▶ WHAT YOU NEED TO DO: Transcribe the whole listing below without changing a word, but leave out every image.

▶ LISTED RECORDS:
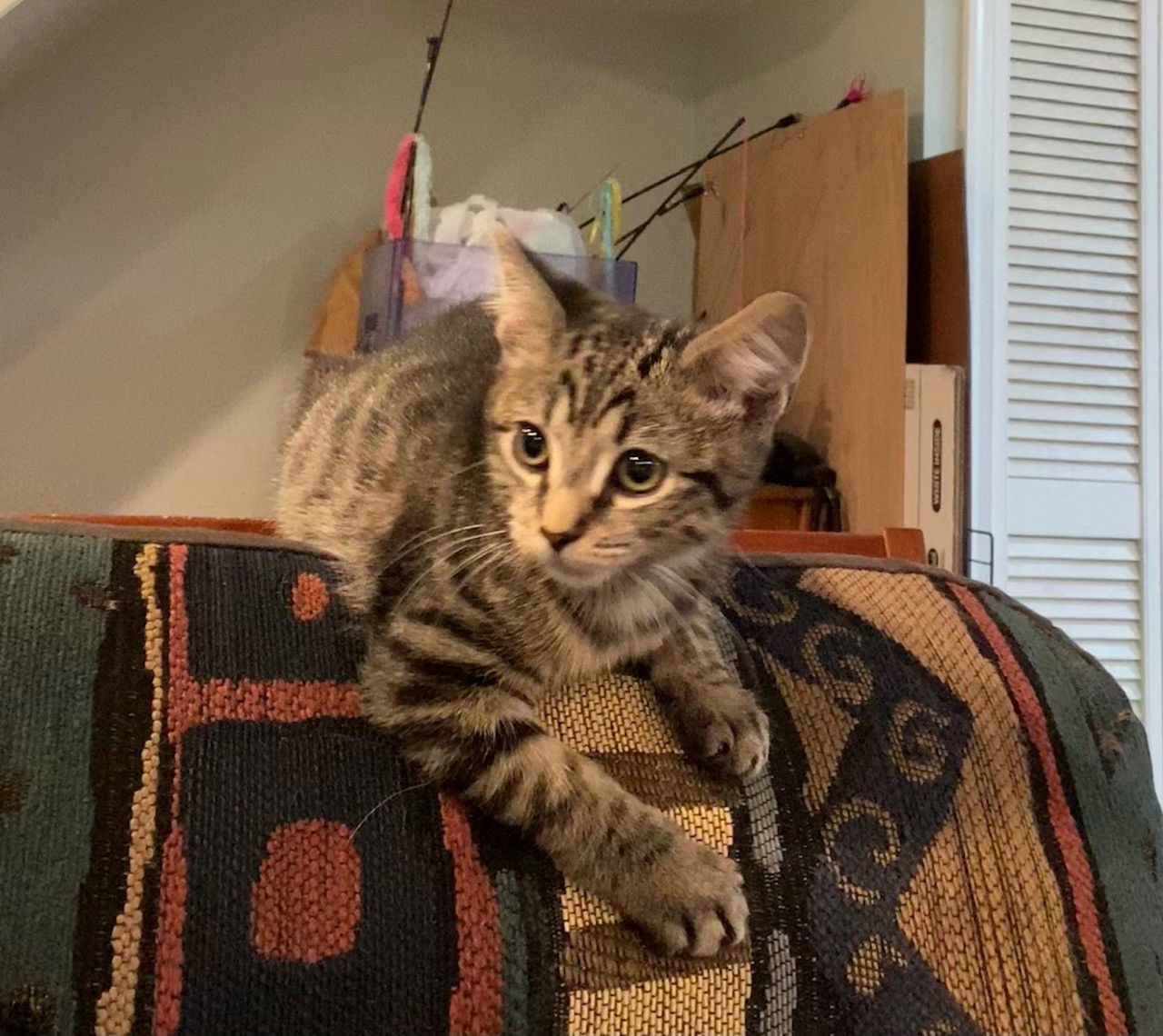 Apple, Jenkintown PS (FCID 11/04/2025-141)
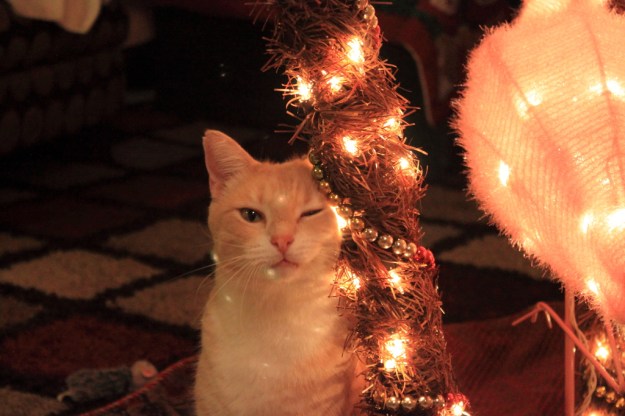 Frankie and Christmas tree.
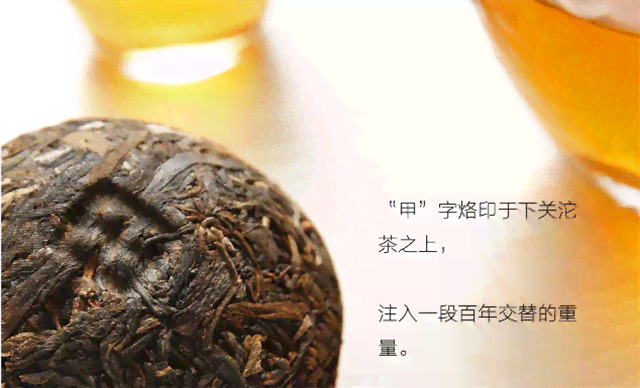 布朗沱茶的功效与作用及下关布朗沱茶2010的介绍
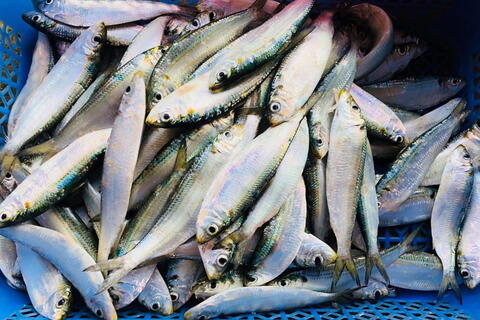 Người lao động nặng nên ăn cá gì để nhanh phục hồi cơ bắp?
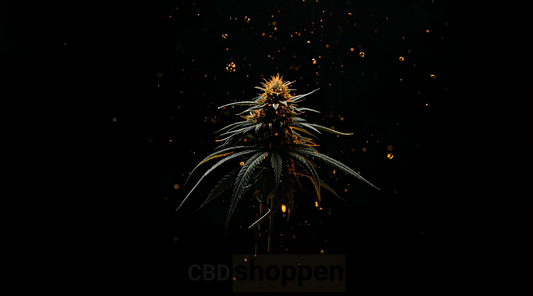 Hvad er CBD hash? En komplet guide til 2025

▶ TASK ANSWER:
 Apple, Jenkintown PS (FCID 11/04/2025-141)
 Frankie and Christmas tree.
 布朗沱茶的功效与作用及下关布朗沱茶2010的介绍
 Người lao động nặng nên ăn cá gì để nhanh phục hồi cơ bắp?
 Hvad er CBD hash? En komplet guide til 2025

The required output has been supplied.